*** Recorded information

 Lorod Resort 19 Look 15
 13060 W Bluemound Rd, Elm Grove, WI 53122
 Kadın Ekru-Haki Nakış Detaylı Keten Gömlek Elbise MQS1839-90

******

What you will do:
Character for character, output the whole material above.

Task solution:
 Lorod Resort 19 Look 15
 13060 W Bluemound Rd, Elm Grove, WI 53122
 Kadın Ekru-Haki Nakış Detaylı Keten Gömlek Elbise MQS1839-90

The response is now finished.